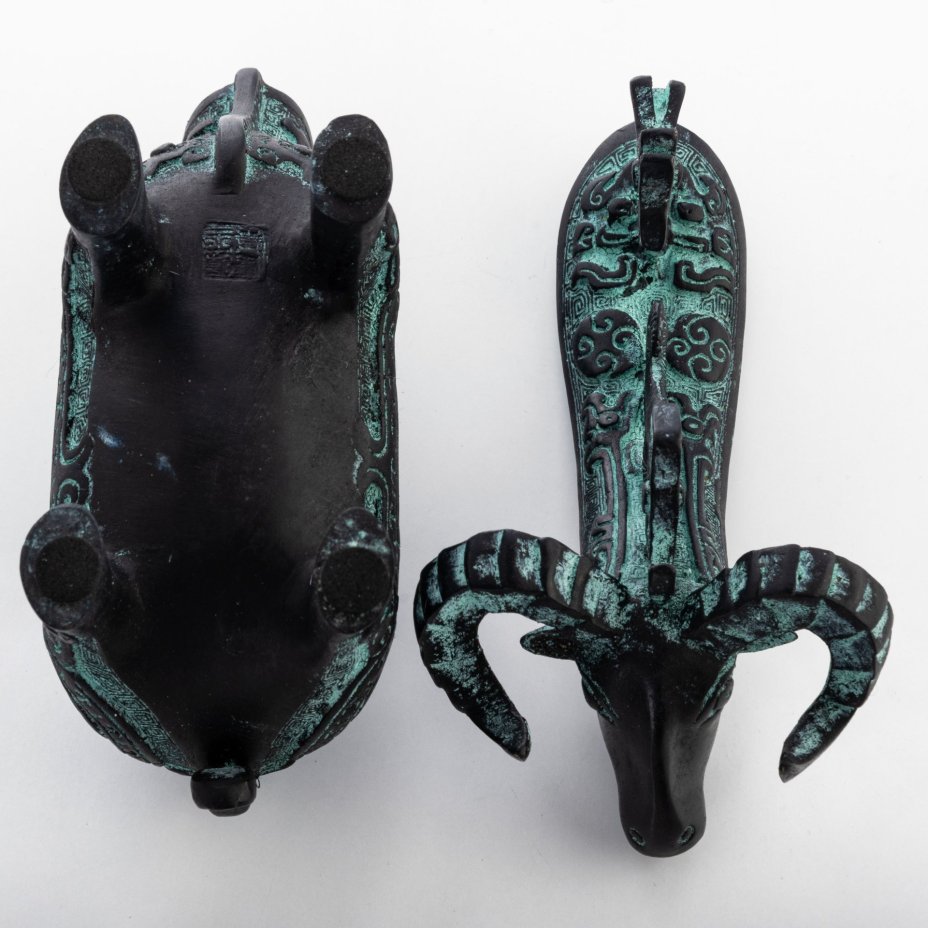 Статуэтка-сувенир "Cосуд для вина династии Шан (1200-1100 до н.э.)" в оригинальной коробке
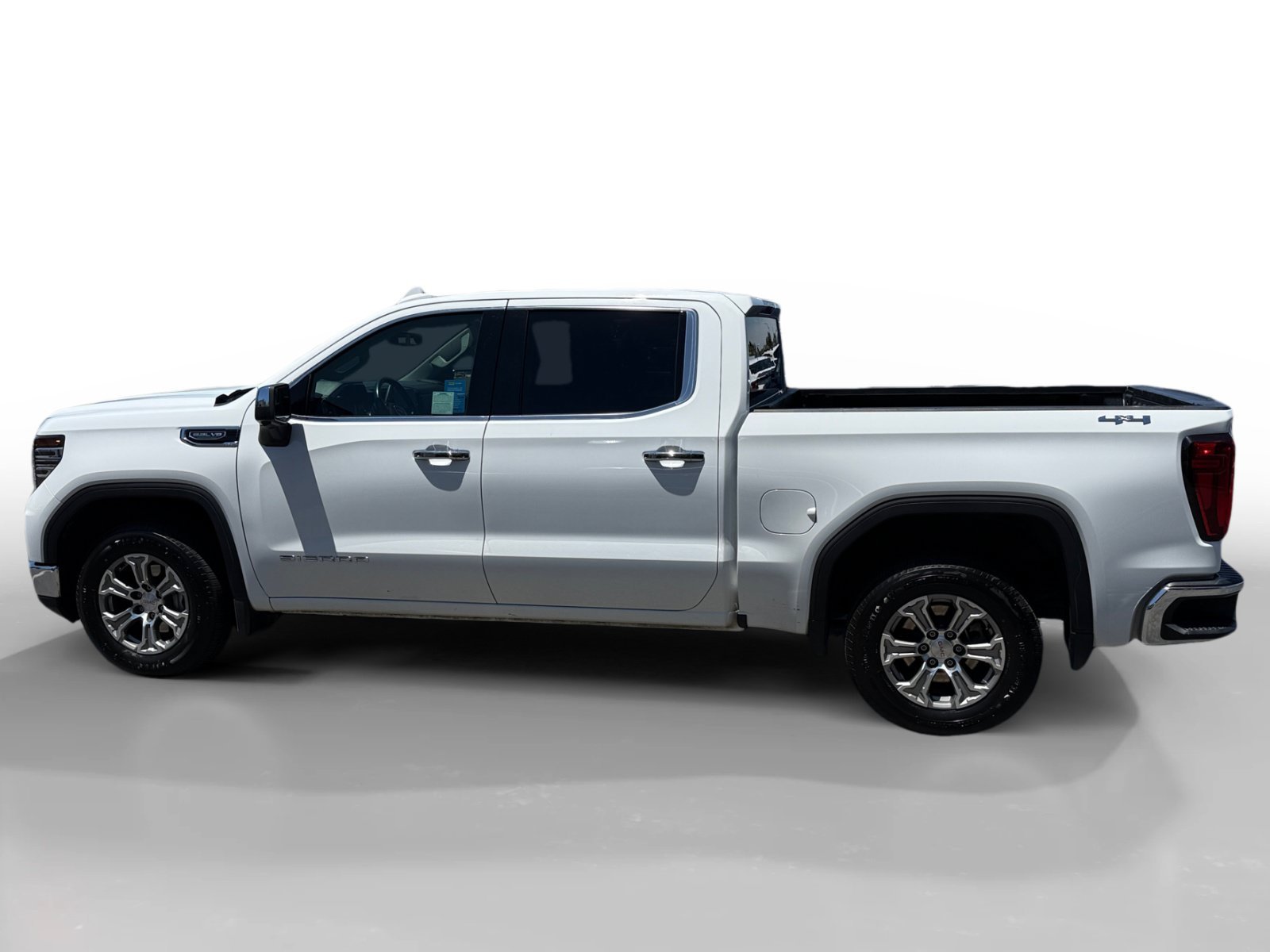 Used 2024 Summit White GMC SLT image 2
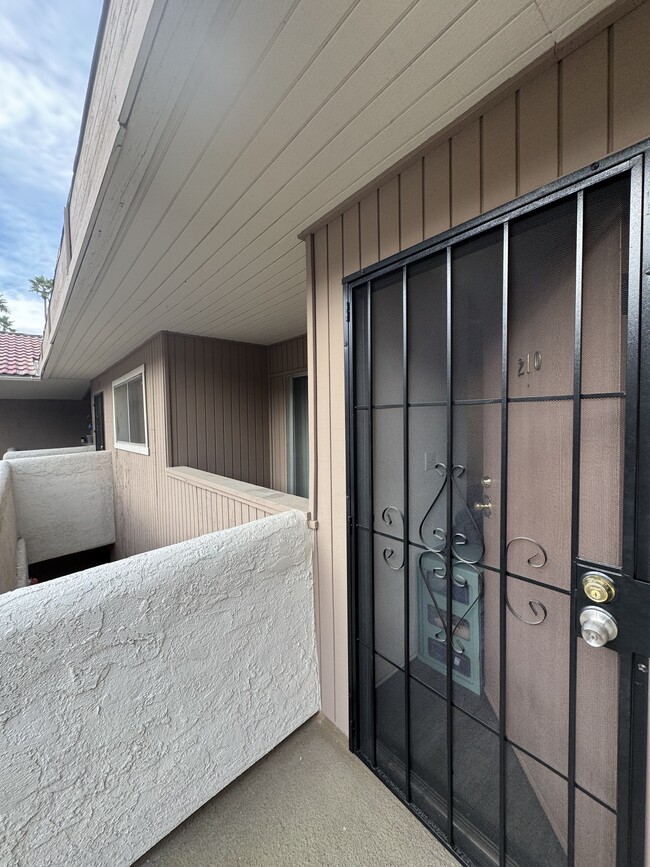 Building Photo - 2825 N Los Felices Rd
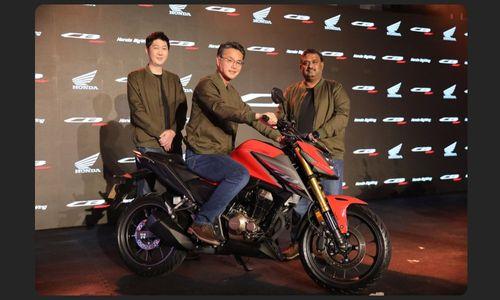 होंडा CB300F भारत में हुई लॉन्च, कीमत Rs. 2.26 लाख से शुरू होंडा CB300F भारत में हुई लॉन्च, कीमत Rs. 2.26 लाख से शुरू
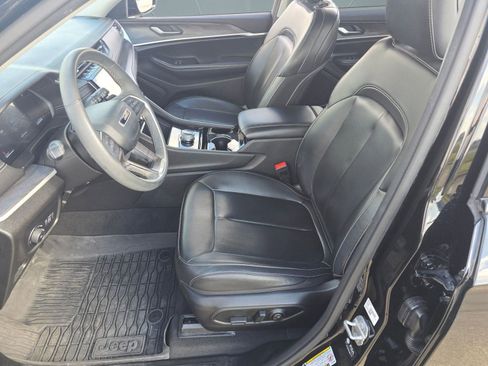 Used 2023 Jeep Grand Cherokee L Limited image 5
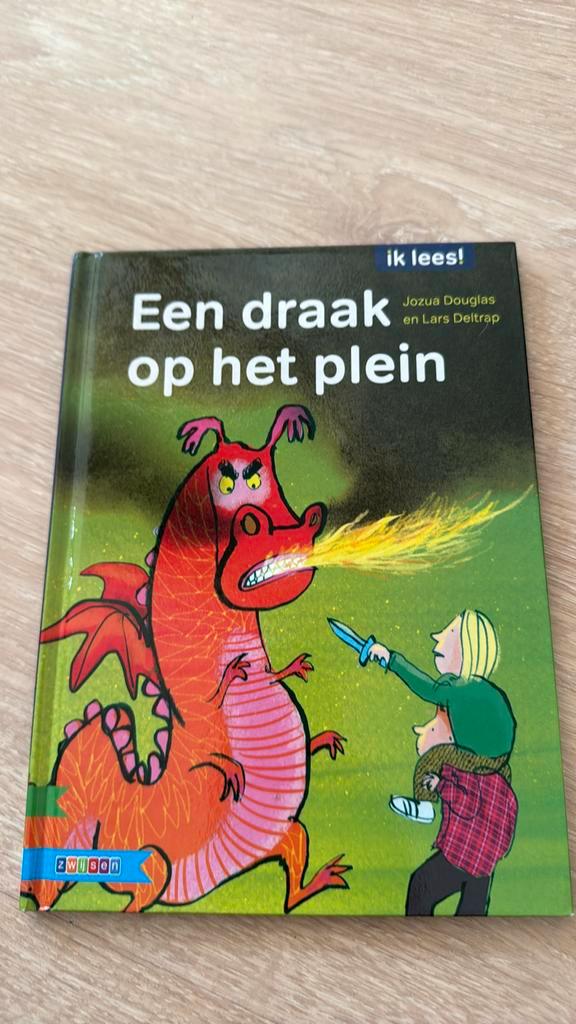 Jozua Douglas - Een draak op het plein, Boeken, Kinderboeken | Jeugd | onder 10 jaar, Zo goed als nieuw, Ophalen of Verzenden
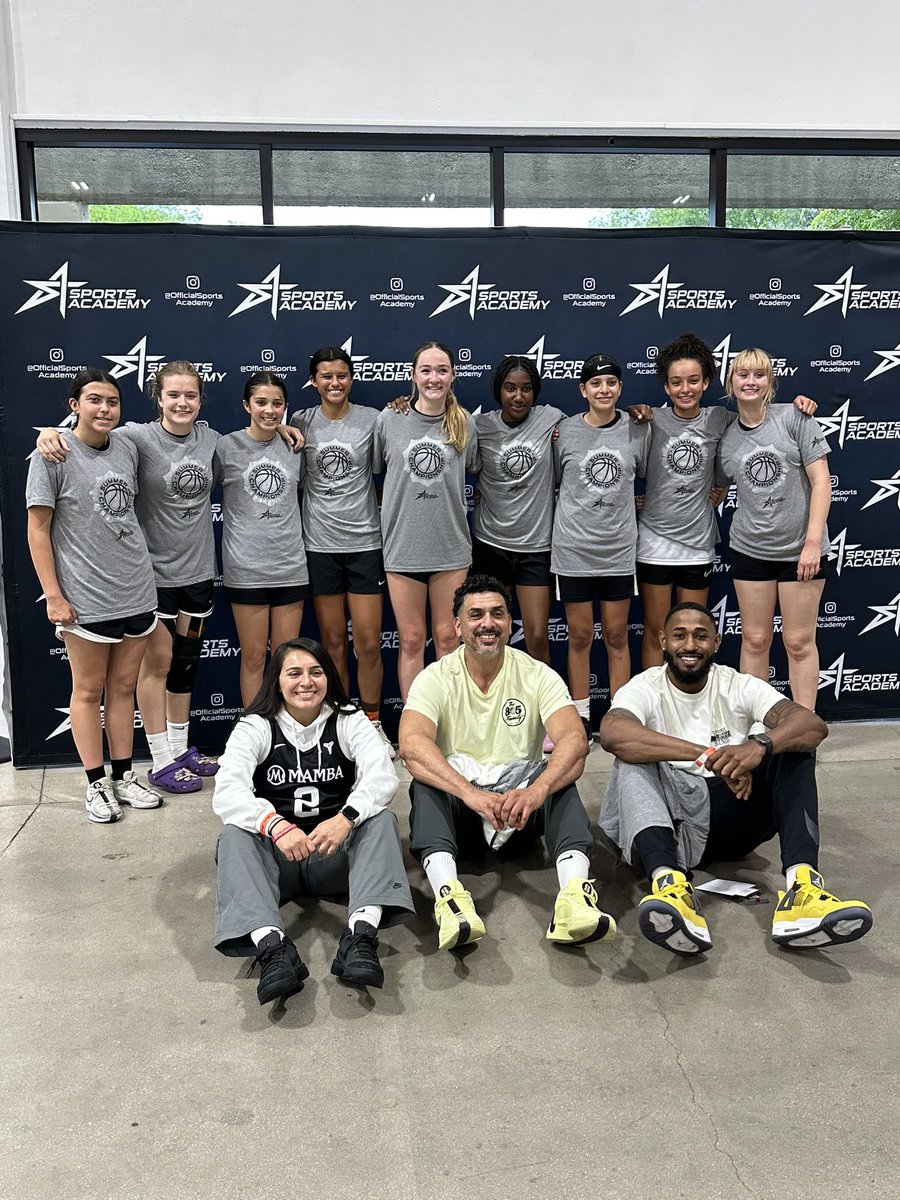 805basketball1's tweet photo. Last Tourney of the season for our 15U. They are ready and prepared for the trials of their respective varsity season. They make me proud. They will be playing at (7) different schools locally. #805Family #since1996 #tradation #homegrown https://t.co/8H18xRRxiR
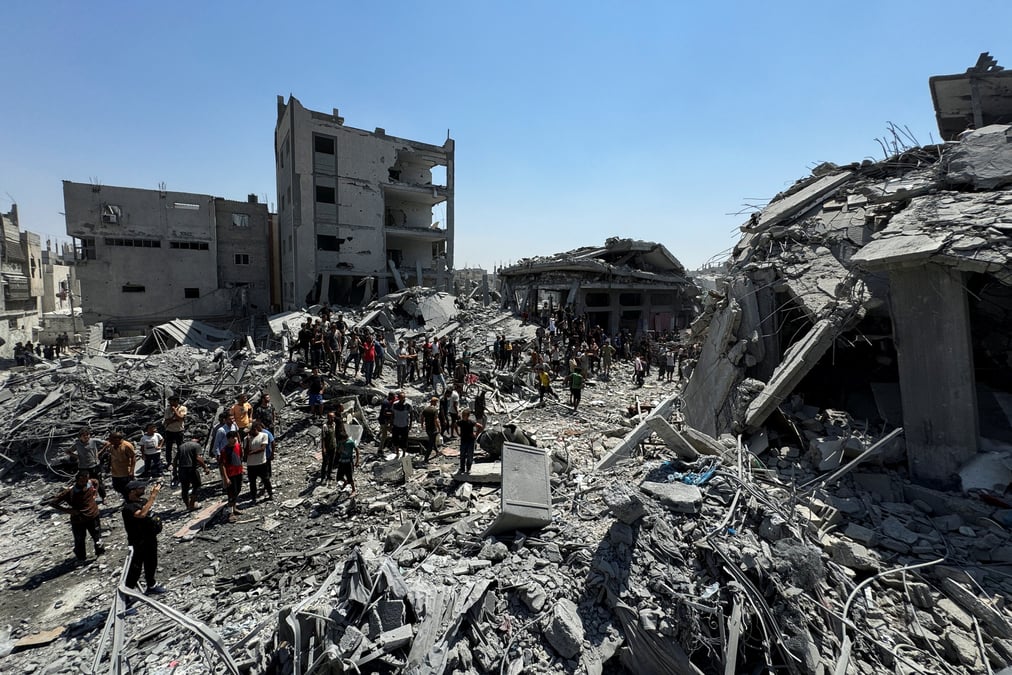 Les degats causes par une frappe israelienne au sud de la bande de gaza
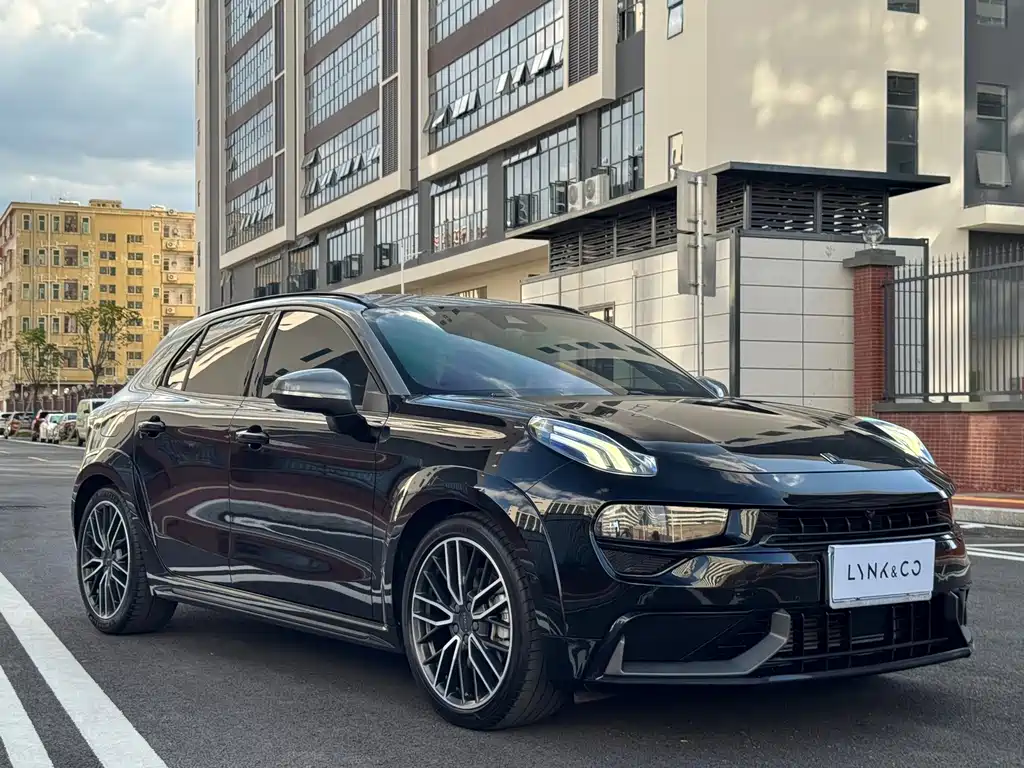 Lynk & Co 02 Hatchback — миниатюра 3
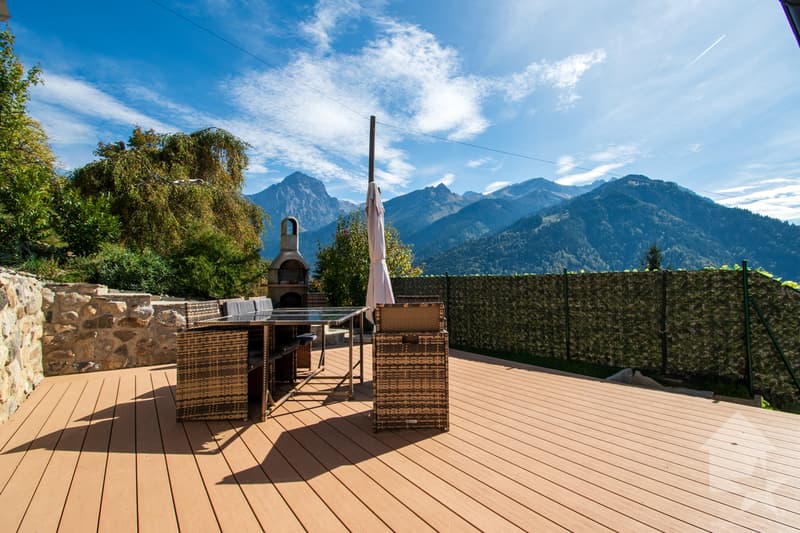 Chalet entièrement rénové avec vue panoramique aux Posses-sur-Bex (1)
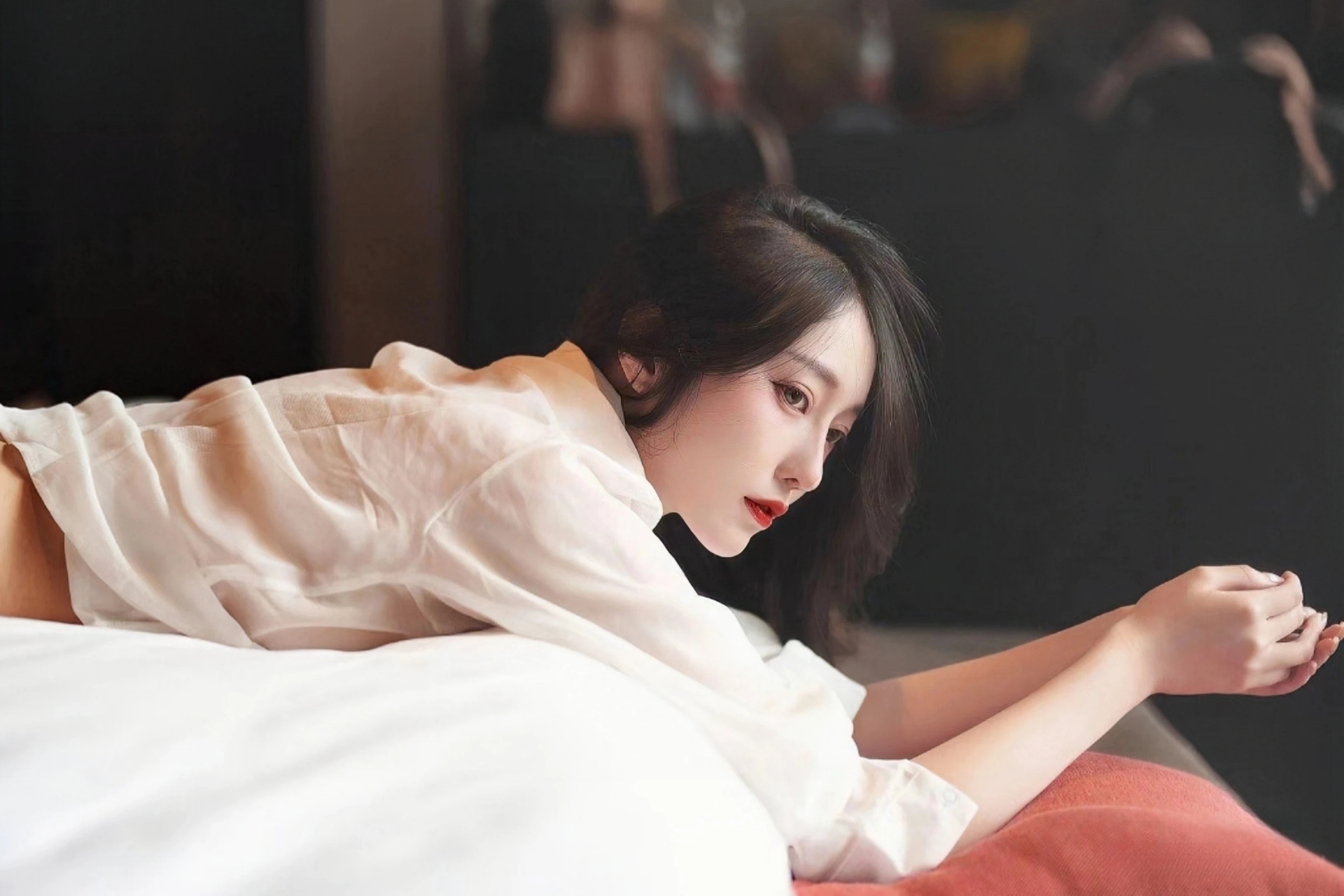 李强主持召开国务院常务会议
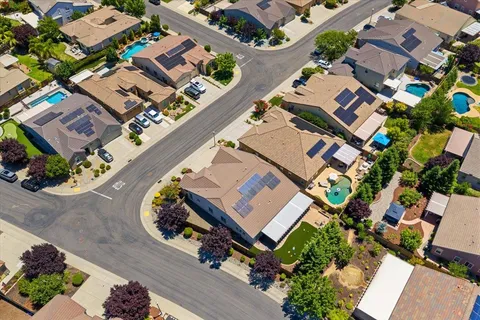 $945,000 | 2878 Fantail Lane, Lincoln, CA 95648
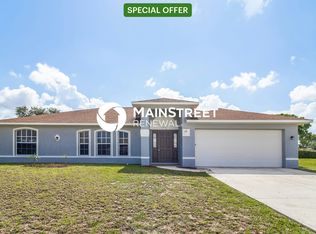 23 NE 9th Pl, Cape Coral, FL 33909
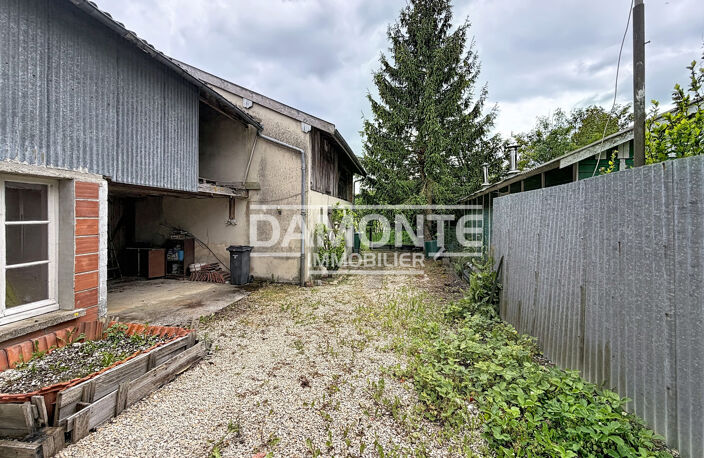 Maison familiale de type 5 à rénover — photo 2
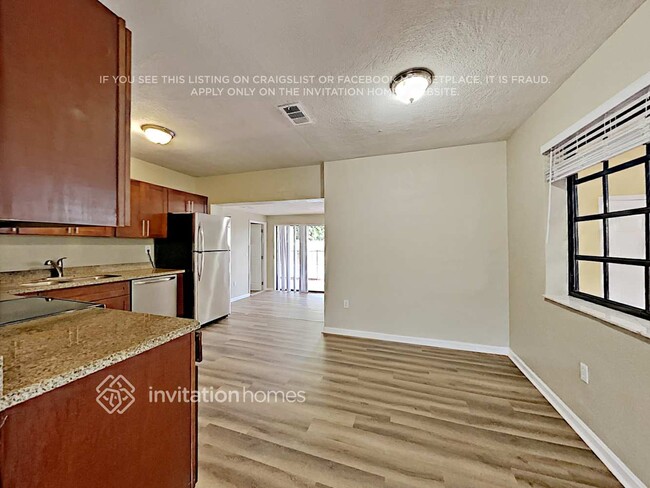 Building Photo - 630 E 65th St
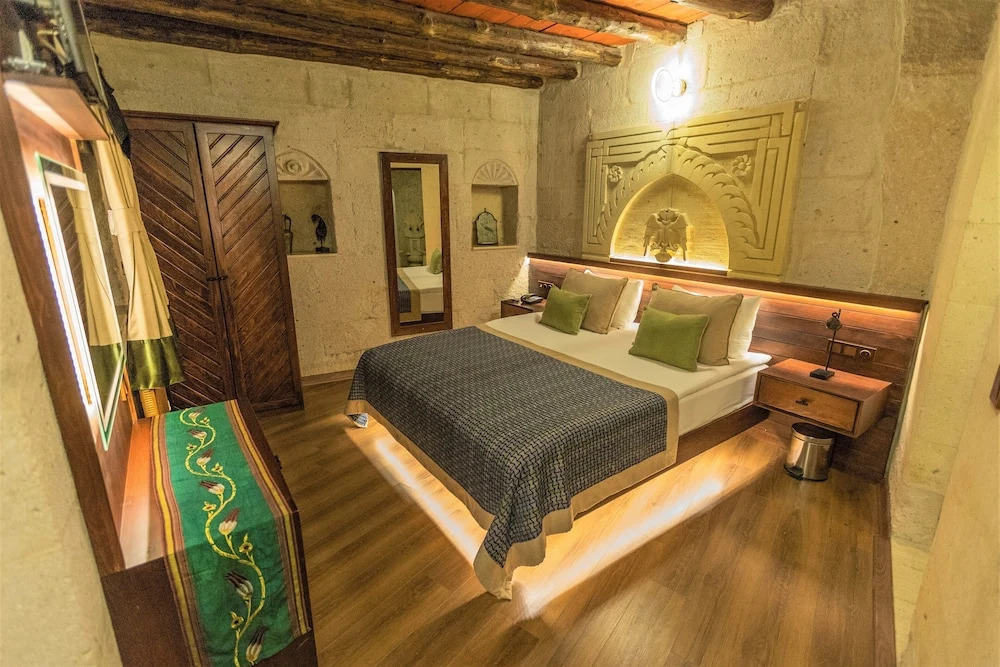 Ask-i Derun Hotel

________________________________________

### TASK DIRECTIONS
For this exercise, copy each line of the data above exactly, from the first through the line containing "Used 2023 Jeep", and drop the pictures.

### RESPONSE
 Статуэтка-сувенир "Cосуд для вина династии Шан (1200-1100 до н.э.)" в оригинальной коробке
 Used 2024 Summit White GMC SLT image 2
 Building Photo - 2825 N Los Felices Rd
 होंडा CB300F भारत में हुई लॉन्च, कीमत Rs. 2.26 लाख से शुरू होंडा CB300F भारत में हुई लॉन्च, कीमत Rs. 2.26 लाख से शुरू
 Used 2023 Jeep Grand Cherokee L Limited image 5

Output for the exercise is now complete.